The files grafana-dashboard-hive-mesh.json and grafana/provisioning/ are not mounted or used by Hive compose. They exist only as a reference if you choose to run a third-party dashboard tool yourself; that product’s license (e.g. Grafana AGPL) applies to your deployment, not to Hive’s default stack.

Metric names (OTLP → Prometheus)

The exact names depend on the collector (OTel Collector prometheus exporter, Alloy, Mimir OTLP, etc.):

  • Often dots in OTel names become underscores: hive.mesh.a2a.rpc.duration_mshive_mesh_a2a_rpc_duration_ms (+ _bucket / _sum / _count for classic histograms).
  • Attributes become labels; keys with . may normalize to _.

If you import the legacy JSON into another tool, adjust variables (rpc_histogram_basename, blocked_counter) to match metrics in Prometheus → Graph or your preset queries.

Reference queries (adapt as needed)

P99 RPC latency (classic histogram):

histogram_quantile(
  0.99,
  sum(rate(${rpc_histogram_basename}_bucket[5m])) by (le)
)

Rate limit rejections / 5 min:

sum by (mesh_rate_limit_tier) (rate(${blocked_counter}[5m]))

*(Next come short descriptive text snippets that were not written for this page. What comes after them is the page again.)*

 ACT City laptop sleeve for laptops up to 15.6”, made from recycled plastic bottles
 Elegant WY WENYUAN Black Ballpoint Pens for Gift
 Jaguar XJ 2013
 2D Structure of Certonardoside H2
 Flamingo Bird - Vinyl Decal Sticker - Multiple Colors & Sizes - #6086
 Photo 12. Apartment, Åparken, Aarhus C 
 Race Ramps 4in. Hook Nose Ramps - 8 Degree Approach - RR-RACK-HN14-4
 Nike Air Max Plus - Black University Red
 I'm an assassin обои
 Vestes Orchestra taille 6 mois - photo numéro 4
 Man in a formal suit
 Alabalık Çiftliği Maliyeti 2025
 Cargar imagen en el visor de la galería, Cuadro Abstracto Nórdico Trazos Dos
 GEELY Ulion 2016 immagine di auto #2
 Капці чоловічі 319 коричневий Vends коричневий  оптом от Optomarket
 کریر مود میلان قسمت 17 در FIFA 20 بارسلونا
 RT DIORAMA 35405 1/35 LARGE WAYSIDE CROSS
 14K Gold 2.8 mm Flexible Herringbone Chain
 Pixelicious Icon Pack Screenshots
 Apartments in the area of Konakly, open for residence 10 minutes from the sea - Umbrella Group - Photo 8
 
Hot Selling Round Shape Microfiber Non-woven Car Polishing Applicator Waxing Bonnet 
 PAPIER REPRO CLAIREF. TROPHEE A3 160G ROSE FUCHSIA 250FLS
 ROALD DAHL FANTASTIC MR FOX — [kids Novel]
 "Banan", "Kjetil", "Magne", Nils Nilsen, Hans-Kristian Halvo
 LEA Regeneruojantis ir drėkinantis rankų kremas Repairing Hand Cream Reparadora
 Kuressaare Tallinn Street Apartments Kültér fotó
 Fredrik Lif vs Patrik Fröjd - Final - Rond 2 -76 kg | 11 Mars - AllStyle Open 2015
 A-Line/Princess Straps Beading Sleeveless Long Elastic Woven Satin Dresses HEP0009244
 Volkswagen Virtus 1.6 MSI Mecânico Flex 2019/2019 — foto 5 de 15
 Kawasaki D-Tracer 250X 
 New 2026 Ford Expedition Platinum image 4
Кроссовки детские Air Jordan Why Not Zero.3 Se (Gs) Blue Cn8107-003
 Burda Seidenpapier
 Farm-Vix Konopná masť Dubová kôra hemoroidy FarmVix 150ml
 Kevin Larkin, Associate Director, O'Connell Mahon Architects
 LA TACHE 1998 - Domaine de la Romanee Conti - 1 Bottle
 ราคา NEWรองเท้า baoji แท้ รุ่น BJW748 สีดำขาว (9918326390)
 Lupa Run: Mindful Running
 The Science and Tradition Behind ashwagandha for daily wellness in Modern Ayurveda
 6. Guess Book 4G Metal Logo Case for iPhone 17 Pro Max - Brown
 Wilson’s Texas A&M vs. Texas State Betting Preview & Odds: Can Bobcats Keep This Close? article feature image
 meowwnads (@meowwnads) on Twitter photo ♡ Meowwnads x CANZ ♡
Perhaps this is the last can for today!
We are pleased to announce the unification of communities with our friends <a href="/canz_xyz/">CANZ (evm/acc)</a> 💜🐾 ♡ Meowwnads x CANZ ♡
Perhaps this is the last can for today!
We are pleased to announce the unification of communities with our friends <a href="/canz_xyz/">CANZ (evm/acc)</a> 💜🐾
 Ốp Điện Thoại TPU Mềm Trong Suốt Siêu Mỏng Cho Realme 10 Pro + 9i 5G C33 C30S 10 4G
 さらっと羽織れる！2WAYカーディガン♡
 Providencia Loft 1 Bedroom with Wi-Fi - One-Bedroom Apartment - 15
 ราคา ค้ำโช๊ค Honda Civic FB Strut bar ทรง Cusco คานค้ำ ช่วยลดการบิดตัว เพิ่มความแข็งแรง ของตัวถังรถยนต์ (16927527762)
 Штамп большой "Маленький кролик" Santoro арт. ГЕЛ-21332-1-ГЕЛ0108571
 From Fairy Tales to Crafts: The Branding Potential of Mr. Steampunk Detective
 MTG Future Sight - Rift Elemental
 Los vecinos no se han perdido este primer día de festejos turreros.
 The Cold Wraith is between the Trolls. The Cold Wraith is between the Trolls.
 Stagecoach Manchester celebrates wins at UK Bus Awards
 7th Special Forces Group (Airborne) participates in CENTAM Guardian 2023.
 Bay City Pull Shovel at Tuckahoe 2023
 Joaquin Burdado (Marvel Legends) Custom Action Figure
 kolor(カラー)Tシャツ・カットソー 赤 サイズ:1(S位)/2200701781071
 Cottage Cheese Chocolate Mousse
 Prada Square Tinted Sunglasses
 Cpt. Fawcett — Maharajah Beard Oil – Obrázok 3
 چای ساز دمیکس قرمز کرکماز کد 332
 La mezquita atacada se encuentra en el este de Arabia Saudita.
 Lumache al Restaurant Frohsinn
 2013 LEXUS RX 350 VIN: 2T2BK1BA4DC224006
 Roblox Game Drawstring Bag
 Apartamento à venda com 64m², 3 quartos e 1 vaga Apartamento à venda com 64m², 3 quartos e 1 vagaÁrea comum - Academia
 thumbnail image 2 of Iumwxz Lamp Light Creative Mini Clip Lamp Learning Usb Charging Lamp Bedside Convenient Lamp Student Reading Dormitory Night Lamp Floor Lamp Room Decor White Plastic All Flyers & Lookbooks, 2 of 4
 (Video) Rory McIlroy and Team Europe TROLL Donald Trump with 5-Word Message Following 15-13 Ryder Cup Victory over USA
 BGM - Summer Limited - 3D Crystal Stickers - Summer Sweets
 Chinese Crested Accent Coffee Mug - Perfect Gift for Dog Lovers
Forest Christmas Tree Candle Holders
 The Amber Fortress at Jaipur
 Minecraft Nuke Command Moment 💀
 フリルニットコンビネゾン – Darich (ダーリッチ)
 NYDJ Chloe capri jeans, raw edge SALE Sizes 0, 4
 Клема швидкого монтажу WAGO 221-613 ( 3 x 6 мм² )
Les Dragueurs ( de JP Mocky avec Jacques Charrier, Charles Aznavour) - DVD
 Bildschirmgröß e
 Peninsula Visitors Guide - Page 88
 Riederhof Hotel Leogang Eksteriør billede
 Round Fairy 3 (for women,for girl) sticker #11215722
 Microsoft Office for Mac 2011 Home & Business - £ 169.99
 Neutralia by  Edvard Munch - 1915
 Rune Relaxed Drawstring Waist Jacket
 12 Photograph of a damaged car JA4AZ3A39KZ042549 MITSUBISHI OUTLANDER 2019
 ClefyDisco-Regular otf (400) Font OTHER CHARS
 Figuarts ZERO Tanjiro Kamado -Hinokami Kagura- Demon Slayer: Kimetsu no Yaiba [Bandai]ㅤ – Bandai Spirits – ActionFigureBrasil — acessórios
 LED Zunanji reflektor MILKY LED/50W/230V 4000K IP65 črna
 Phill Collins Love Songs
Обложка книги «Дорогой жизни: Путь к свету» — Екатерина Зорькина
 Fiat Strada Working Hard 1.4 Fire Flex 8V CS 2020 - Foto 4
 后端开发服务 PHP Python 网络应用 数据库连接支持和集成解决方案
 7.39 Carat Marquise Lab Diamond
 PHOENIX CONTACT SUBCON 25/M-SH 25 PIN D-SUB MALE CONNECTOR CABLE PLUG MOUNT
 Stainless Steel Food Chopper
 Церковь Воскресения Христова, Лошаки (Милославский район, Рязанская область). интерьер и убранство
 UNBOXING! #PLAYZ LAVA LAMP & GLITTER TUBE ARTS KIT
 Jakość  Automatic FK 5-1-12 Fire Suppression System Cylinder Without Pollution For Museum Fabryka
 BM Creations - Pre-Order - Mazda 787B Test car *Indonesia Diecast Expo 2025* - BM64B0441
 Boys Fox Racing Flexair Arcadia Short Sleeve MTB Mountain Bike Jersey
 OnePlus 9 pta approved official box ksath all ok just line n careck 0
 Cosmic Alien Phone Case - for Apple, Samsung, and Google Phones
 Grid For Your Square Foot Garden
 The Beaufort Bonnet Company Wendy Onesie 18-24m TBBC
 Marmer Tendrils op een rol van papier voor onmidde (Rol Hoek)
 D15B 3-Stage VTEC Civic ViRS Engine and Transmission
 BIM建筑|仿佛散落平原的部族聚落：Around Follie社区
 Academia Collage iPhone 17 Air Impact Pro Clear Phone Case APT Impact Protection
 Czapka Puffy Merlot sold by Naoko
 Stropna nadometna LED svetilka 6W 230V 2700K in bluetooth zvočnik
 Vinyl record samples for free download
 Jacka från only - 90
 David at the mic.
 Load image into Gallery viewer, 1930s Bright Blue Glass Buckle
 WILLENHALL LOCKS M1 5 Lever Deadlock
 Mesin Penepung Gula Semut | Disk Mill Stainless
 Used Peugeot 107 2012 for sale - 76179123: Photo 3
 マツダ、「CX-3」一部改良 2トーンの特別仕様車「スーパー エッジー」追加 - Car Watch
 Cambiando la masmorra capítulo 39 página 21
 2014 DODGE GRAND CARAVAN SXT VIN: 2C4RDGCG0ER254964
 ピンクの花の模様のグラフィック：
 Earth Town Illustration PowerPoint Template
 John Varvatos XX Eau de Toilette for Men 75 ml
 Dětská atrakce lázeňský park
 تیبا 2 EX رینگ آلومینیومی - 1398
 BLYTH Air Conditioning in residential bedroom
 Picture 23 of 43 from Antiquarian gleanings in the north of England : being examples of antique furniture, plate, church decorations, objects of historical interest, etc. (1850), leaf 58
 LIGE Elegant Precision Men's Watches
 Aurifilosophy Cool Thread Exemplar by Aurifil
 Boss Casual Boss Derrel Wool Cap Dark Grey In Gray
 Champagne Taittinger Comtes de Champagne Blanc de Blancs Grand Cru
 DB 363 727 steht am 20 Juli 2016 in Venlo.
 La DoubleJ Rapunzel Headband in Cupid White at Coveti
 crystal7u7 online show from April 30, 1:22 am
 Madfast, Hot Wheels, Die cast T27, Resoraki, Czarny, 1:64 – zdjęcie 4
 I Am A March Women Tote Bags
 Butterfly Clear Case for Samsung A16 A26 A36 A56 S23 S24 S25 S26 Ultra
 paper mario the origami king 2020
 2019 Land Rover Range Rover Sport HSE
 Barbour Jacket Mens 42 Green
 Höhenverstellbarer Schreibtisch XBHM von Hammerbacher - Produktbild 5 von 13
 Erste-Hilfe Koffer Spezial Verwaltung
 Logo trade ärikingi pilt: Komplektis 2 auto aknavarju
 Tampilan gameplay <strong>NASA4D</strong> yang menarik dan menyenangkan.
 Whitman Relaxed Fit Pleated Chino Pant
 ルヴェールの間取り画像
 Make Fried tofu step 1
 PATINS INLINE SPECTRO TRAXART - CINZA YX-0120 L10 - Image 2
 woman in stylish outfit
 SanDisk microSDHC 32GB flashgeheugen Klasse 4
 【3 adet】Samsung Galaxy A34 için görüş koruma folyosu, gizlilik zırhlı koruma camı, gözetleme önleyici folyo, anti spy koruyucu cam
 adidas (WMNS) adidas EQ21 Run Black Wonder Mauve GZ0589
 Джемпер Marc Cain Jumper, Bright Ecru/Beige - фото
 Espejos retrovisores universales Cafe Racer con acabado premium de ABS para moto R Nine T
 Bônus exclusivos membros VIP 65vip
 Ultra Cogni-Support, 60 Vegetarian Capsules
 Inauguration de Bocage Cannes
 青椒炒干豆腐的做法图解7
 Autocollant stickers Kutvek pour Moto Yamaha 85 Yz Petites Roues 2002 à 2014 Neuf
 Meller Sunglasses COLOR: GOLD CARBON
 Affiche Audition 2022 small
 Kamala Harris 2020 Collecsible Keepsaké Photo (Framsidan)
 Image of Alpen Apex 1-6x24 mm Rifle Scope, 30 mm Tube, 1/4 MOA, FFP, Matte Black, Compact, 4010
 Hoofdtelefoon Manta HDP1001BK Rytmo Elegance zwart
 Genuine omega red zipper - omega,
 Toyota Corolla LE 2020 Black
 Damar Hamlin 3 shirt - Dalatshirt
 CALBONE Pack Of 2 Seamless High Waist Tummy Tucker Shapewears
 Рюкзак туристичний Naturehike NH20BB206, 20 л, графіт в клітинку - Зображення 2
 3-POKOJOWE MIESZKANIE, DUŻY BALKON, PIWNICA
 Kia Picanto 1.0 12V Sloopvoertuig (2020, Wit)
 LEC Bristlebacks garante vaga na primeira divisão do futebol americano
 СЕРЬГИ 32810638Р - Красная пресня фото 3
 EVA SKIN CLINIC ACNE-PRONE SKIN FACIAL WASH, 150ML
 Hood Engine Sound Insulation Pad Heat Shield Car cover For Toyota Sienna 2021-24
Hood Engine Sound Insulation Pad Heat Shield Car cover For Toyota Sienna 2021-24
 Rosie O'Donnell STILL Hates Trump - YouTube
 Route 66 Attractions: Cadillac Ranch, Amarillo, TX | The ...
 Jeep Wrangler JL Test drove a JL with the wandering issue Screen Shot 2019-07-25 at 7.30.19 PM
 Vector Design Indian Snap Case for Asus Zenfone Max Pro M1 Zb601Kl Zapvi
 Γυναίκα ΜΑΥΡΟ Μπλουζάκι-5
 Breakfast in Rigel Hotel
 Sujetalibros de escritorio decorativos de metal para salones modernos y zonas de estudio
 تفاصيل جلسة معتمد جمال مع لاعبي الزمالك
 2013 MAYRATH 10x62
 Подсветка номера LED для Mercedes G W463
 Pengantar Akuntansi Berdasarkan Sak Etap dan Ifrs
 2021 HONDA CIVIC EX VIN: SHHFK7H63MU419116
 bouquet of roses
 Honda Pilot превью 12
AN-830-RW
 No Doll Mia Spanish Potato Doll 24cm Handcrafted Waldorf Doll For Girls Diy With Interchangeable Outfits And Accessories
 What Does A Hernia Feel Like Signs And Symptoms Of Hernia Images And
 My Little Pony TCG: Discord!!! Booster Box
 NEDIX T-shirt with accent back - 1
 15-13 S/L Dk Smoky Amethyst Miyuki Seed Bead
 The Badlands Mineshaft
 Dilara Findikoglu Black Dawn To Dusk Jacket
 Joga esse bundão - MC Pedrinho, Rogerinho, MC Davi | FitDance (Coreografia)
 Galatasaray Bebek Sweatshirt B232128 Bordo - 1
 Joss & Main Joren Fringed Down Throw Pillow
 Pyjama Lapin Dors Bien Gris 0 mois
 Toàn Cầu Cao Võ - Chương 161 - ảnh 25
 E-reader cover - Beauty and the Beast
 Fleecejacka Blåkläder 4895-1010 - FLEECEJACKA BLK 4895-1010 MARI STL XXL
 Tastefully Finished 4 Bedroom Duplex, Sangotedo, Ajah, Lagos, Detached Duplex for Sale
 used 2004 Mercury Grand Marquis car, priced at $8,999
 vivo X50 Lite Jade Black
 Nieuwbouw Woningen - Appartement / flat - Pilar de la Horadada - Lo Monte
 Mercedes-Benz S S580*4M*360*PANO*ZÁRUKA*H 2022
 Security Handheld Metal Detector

Saturation — histogram hive.mesh.rate_limit.window_utilization_ratio:

histogram_quantile(
  0.95,
  sum(rate(${utilization_histogram_basename}_bucket[5m])) by (le)
)

HTTP traces (hive.http)

API handlers use withHttpServerSpan (app/src/lib/otel-http-route.ts): server span http.server, tracer hive.http.

Scroll horizontally →
OTel attributeRole
http.routeStable label (e.g. GET /api/health) — preferred for grouping
http.request.methodHTTP verb
http.response.status_codeStatus
url.pathActual path

Tempo (or any OTLP-compatible backend): filter by resource.service.name / OTEL_SERVICE_NAME (hive), span name http.server, attribute http.route.

Example TraceQL (engine-dependent):

{ resource.service.name = "hive" && name = "http.server" && http.route = "GET /api/health" }

P99 per HTTP route in PromQL usually needs spanmetrics on the collector (otel-collector-spanmetrics.example.yaml, namespace e.g. hive_span).

Correlation with traces

Hive reads traceparent (W3C) on A2A JSON-RPC and HTTP routes wrapped with withHttpServerSpan. Details: MESH_OBSERVABILITY.md.

Deployment checklist: PRE_PUBLIC_BETA_CHECKLIST.md.